While the Budget 2024 has brought about changes in capital gains tax, the overall tax implications of ULIPs depend on various factors.

ULIPs (Unit Linked Insurance Plans) are investment-cum-insurance products.

Budget 2024 ushered in significant changes to India’s capital gains tax regime, reshaping the investment landscape for individuals and corporations alike. Key alterations include the harmonisation of long-term capital gains tax rates across different asset classes, the elimination of indexation benefits, and an increase in the short-term capital gains tax rate on equity investments.

These modifications have far-reaching implications for taxpayers, necessitating a careful evaluation of investment strategies in light of the new tax landscape.

Short-term capital gains (STCG):

For certain financial assets, STCG will be taxed at a flat rate of 20%. For other financial assets and non-financial assets, the existing tax rates will continue to apply.

Long-term capital gains (LTCG):

LTCG on all financial and non-financial assets will be taxed at a flat rate of 12.5%.

The exemption limit for LTCG has been increased to Rs. 1.25 lakh per year.

Impact on ULIPs

ULIPs (Unit Linked Insurance Plans) are investment-cum-insurance products. The tax implications on ULIPs have changed in recent years, and the Budget 2024’s modifications to capital gains tax further influence their taxation.

Key points to consider:

ULIP as a financial asset: ULIPs are generally categorised as financial assets. Therefore, the new tax rates for short-term and long-term capital gains would apply to ULIP returns.

Lock-in period: The lock-in period for ULIPs is typically five years. After this period, withdrawals are considered long-term capital gains.

Rushabh Gandhi, MD & CEO, IndiaFirst Life, said, “The proposed hike in Capital Gain Tax is expected to impact the tax liabilities for ULIP policyholders. However, the ULIP holders purchasing policies with premiums of less than 2.5 lakh per annum can continue to avail benefits under Section 10 (10D) and are not liable to pay any tax on maturity.”

Budget 2023: Introduced a new limit of Rs. 2.5 lakh for annual premium to qualify for tax exemption under Section 10(10D) for ULIPs issued after February 1, 2023.

Section 10(10D) of the Income Tax Act provides for tax exemptions on the amount received under a life insurance policy. This includes both death benefits and maturity benefits.

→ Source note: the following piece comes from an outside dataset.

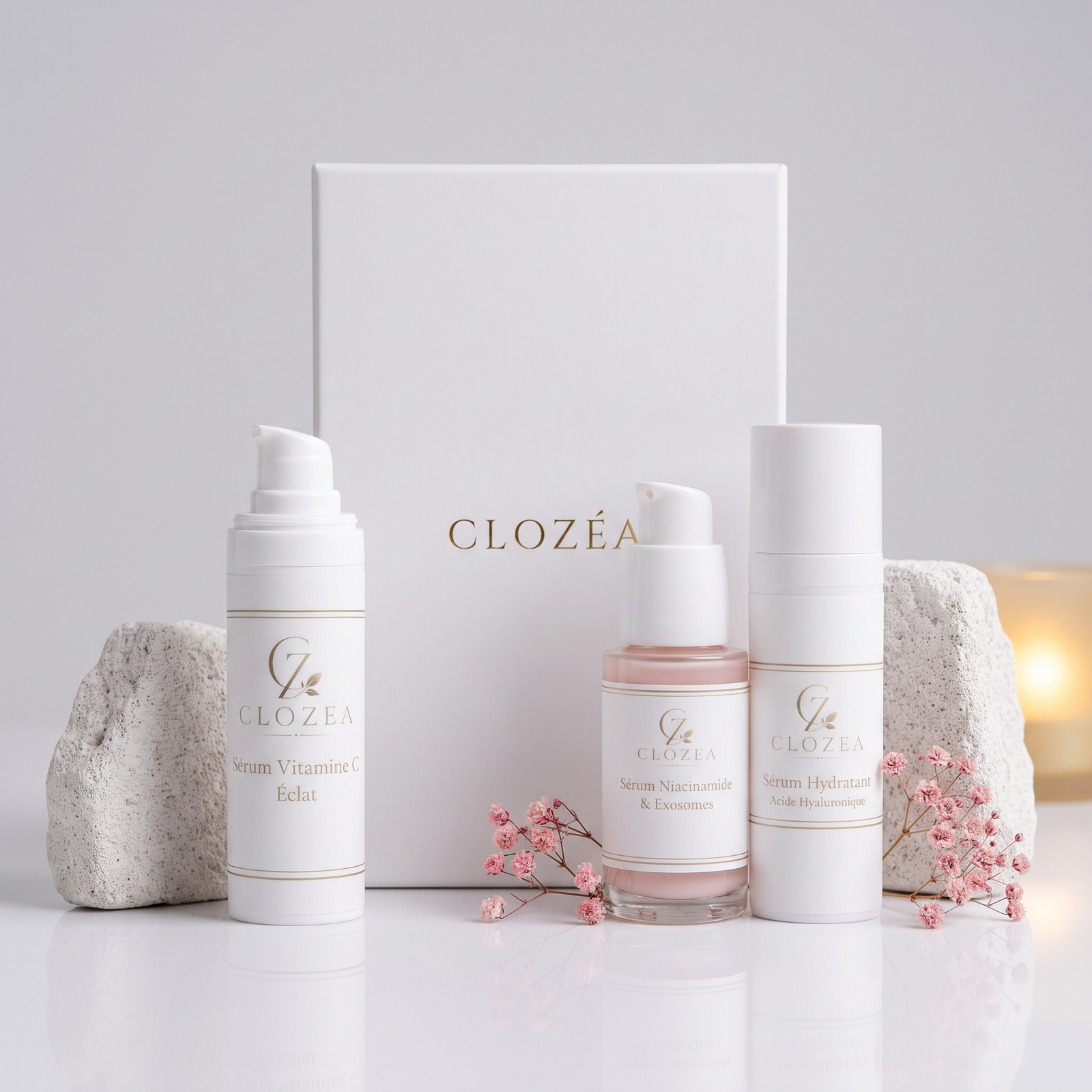 Coffret Sérum Éclat Suprême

While ULIPs are technically insurance products, the tax treatment of their maturity benefits is different. The investment component of ULIPs is subject to capital gains tax, and only the insurance component qualifies for tax exemption under Section 10(10D).

Taxation on withdrawals:

Before February 1, 2021: If your ULIP was purchased before this date, you could potentially avail of certain tax benefits under the old regime.

After February 1, 2021: The new tax regime applies, where gains exceeding Rs. 1 lakh are taxed at 10% for equity-linked funds and 20% for non-equity funds.

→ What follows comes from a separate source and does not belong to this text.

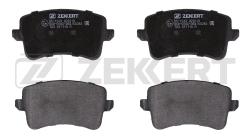 Колодки торм. диск. задн. Audi A4 IV 07- A5 07- Q5 10- bs-1243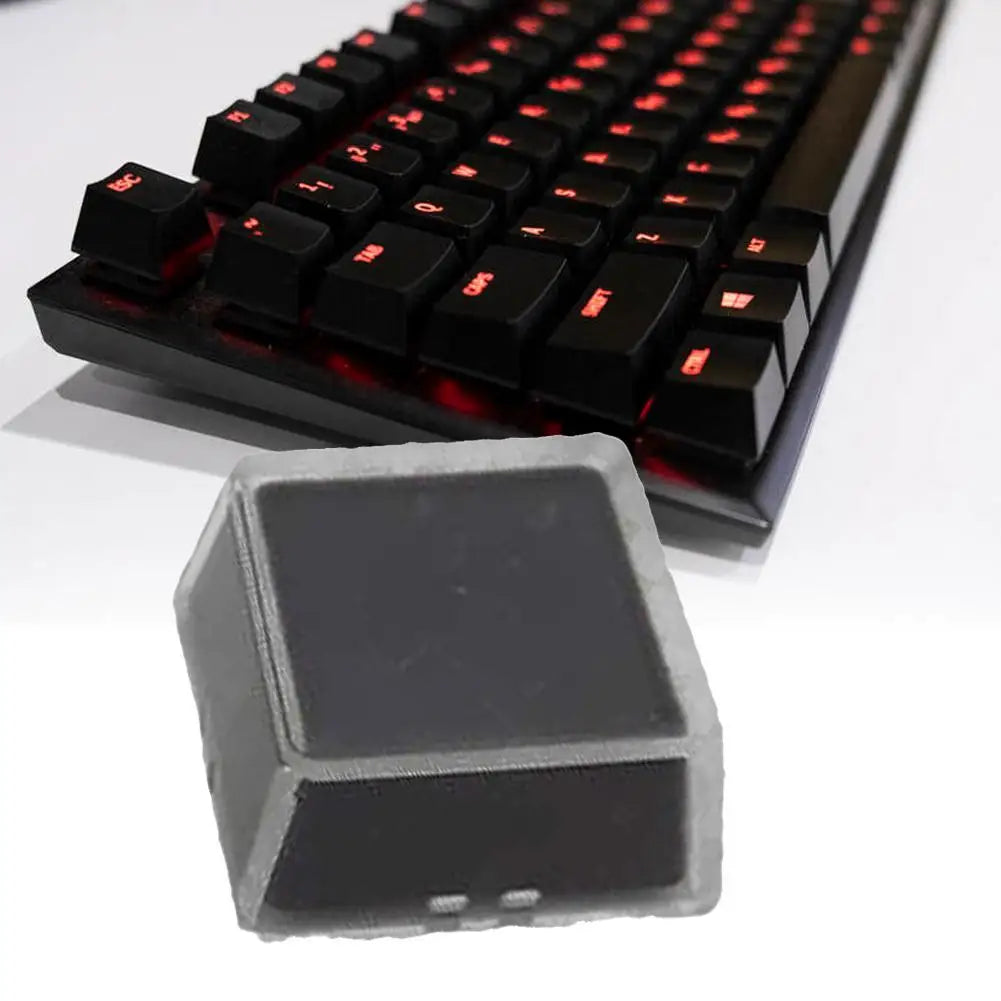 Custom Keys — 10 transparent keycaps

Section 80C: Contributions to ULIPs can still qualify for tax deductions under Section 80C, subject to certain conditions.

While the Budget 2024 has brought about changes in capital gains tax, the overall tax implications of ULIPs depend on various factors. It’s essential to understand your ULIP’s specific terms, your investment horizon, and consult with a tax professional to make informed decisions.